Evening Briefing

Your Evening Briefing: Dallas Is Wall Street’s New Southern Rival

Get caught up.

The site of the new Goldman Sachs campus in Dallas

Photographer: Shelby Tauber/Bloomberg

Dallas saw three of Wall Street’s largest banks start on new campuses this year, cementing bets on one of the fastest-growing US metros in one of the fastest-growing states. The industry’s rapid expansion in Texas means the area now has more finance workers than Chicago or Los Angeles—trailing only New York. The bank build-outs are helping solidify Dallas’s status as the financial mecca of the South, overshadowing competitors like Atlanta and Miami. Finance workers in Texas, however, tend to be paid a lot less than those in New York, even for similar jobs. Moreover, a greater portion of the finance-employee base there is made up of back-office operations. Then there are concerns that red state politics may eventually kneecap the nascent boom. Ken Paxton, the state’s Republican attorney general, has been reviewing whether financial companies including Bank of America and JPMorgan violate a state law that punishes firms for limiting work with the fossil fuel industry because of its leading role in the climate crisis. Texas officials have also probed financial firms over a 2021 law that restricts public contracts for companies that “discriminate” against gunmakers.

Norway’s largest pension manager, KLP, just blacklisted a dozen companies listed in Saudi Arabia, Qatar, the United Arab Emirates and Kuwait.

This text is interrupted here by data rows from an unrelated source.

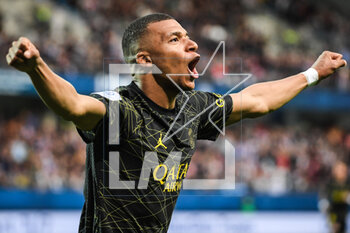 2023-05-07 - Kylian MBAPPE of PSG celebrates his goal during the French championship Ligue 1 football match between Estac Troyes and Paris Saint-Germain on May 7, 2023 at l'Aube stadium in Troyes, France - FOOTBALL - FRENCH CHAMP - TROYES V PARIS SG - FRENCH LIGUE 1 - SOCCER
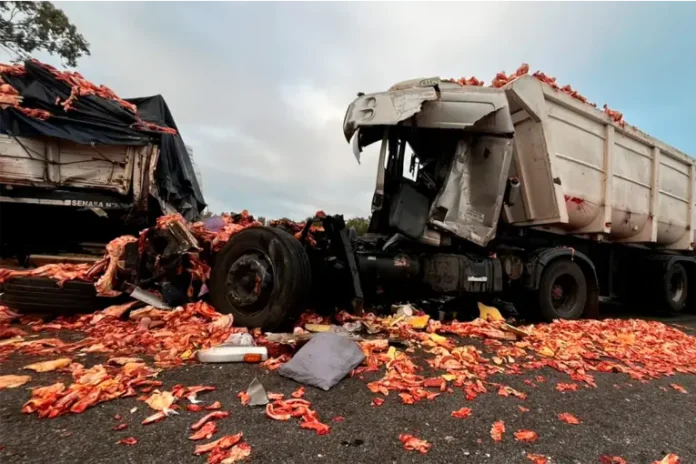 Un muerto en choque múltiple de seis camiones en la autopista Rosario–Buenos Aires. Foto: Aire Santa Fe Un muerto en choque múltiple de seis camiones en la autopista Rosario–Buenos Aires. Foto: Aire Santa Fe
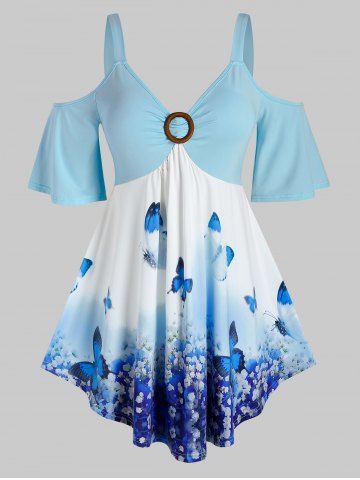 Plus Size&Curve Butterfly Floral Cold Shoulder Tunic Tee - LIGHT BLUE - 4X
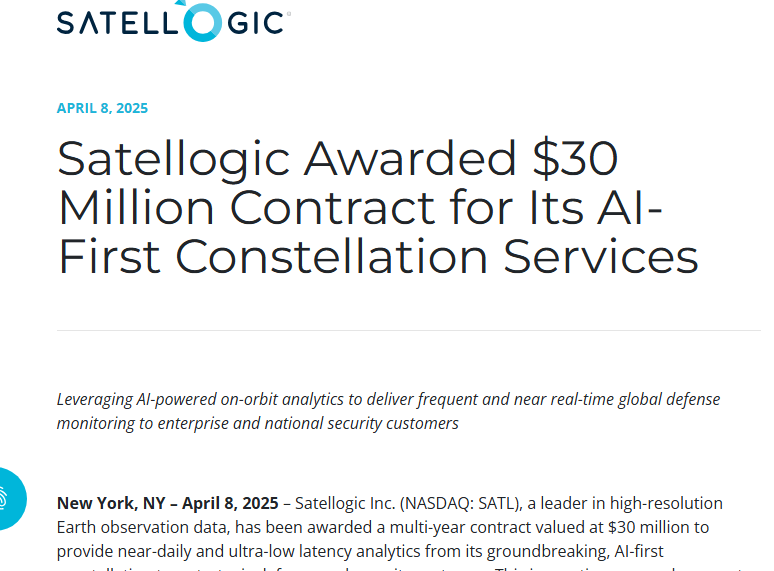 loco_dela_bolsa's tweet photo. $SATL #Satellogic #Maxar #Lanteris #Vantor Maxar / Lanteris sale - My 2 cents.
The facts:
✅2024/12/11: Maxar and SATL signed partnership (+ info in my feed)
✅2025/04/08: SATL announced USD 30M contract for AI new constellation, state of the art, confidential counterparty. https://t.co/0OxpTx2GMB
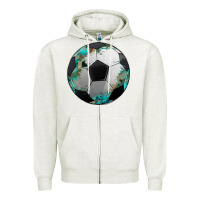 Oatmeal Heather western sport soccer camouflage turquoise pattern Zipper Hoodie - Artiststas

The divestments mostly reflect what it called an “unacceptable” risk of contributing to human rights abuses, with Saudi Aramco targeted separately for what it deemed the oil giant’s negative impact on the environment. The excluded firms also included companies in the real estate sector, where KLP says migrant workers from Africa and Asia have faced discrimination and human rights violations. The Norwegian pension fund, which oversees $70 billion, targeted telecom as well, where it cited the development of artificial intelligence as reinforcing surveillance and censorship risks.